Total RNA was extracted from lung tissues using the RNA extraction kit (Qiagen, Hilden, Germany). qRT-PCR was performed utilizing the qRT-PCR kit (Thermo Fisher, United States) in the ABI StepOnePlus PCR system according to the manufacturer’s protocol. The ACTB mRNA expression level was employed as an internal control. The primers were designed as follows: SMAD4, forward, 5′-GTC​ATC​CTG​CTC​ACC​AGA​TGT​C-3′ and reverse, 5′-TGC​TCA​GAC​AGG​CAT​CGT​TAC-3′; HIF-1, forward, 5′-AGC​AAG​ATC​TCG​GCG​AAG​C-3′ and reverse, 5′-ACC​ACC​GGC​ATC​CAG​AAG​T-3′; MAPK, forward, 5′-ACA​GGC​AGC​GGA​GAC​ACC​TA-3′ and reverse, 5′-GGG​GAG​GAT​GAT​CGA​GAC​AC-3′; HRAS, forward, 5′-ATC​CAG​CTG​ATC​CAG​AAC​CAC-3′ and reverse, 5′-TCC​CGC​ATG​GCA​CTA​TAC​TC-3′; SOD1, forward, 5′-CAG​AAG​GCA​AGC​GGT​GAA​C-3′ and reverse, 5′-GAG​GTC​CTG​CAC​TGG​TAC​AGC-3′; AKT2, forward, 5′-TGC​TGC​CGC​CAG​TTC​ATA-3′ and reverse, 5′-GCA​GGA​GGC​TCC​TCG​GAT​AC-3′; RAC1, forward, 5′-CAG​ATG​CAG​GCC​ATC​AAG​TG-3′ and reverse, 5′-GTC​AAA​GAC​GGT​GGG​GAT​GT-3′; P53, forward, 5′-CTC​CCT​CTG​AGC​CAG​GAG​AC-3′ and reverse, 5′-GAC​ACT​CGG​AGG​GCT​TCA​CT-3′; ACTB, forward, 5′-TTC​ATG​GAT​GCC​ACA​GGA​TT-3′ and reverse, 5′-TGA​CGG​CCA​GGT​CAT​CAC​TA-3′. The qRT-PCR results were analyzed and expressed as the relative mRNA expression of the CT (threshold cycle) value, which was then converted to fold changes.

Statistical Analysis

Values were represented as the mean ± SD, and two-tailed t-test was used for two preselected groups by GraphPad Prism 7.0 (GraphPad Software Inc, CA, United States). p value < 0.05 was considered statistically significant.

Results

NFPX Attenuates the Ultrasound Imaging Lesions of ARDS

The typical ultrasonographic artifacts of normal lung tissues are characteristic of lung sliding with horizontal, parallel lines below the pleural line, referred to as A-lines. In contrast, lung ultrasonograms of ARDS usually show B-lines and pleural thickening and ground-glass areas (Picano et al., 2006). B-lines are defined as comet tail-like hyperechoic reverberation artifacts arising from and perpendicular to the pleural line, which is representative of thickened interlobular septa.
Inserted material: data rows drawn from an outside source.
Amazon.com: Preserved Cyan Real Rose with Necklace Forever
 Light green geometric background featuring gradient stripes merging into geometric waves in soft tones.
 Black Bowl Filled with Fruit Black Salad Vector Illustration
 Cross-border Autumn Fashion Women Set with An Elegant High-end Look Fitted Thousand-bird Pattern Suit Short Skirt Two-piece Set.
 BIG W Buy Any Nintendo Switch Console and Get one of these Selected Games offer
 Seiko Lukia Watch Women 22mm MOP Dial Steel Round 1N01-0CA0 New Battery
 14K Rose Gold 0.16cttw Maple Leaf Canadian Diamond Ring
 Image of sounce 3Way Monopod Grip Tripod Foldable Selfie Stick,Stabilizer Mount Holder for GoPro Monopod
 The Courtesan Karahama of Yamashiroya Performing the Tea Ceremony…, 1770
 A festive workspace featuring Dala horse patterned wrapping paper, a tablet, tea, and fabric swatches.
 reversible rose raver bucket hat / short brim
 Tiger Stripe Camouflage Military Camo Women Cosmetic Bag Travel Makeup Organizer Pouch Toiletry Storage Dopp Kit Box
To elucidate the imaging characteristics of different disposing groups, we performed lung ultrasound after 24 h treatment of LPS. As shown in Figure 2A, lung tissues in healthy mice showed A-lines (white arrow) and uniformly continuous pleural line (black arrow). In contrast, multiple well-defined B-lines and thickened pleural and ground-glass areas can be seen in the LPS-induced mouse model (Figure 2B). As anticipated, NFPX lightened the ultrasound abnormalities caused by LPS. It can be observed that fewer B-lines and ground-glass areas exist in LPS+2.6 g/kg NFPX or LPS+5.2 g/kg NFPX group (Figures 2C,D) than those in the LPS treatment group. What is more, a high concentration of NFPX treatment with or without LPS appears the same as that in the ultrasound images of normal mice (Figures 2E,F). These data reasonably suggested that NFPX may relieve the alveolar interstitial edema and thickened interlobular septa.

FIGURE 2.

The ultrasound imaging lesions of ARDS were evaluated by lung ultrasound. (A) Control group: (B) LPS+PBS group; (C) LPS+2.6 g/kg NFPX group; (D) LPS+5.2 g/kg NFPX group; (E) LPS+10.4 g/kg NFPX group; (F) 10.4 g/kg NFPX group. White arrow: A-lines; red arrow: B-lines; black arrow: pleural line.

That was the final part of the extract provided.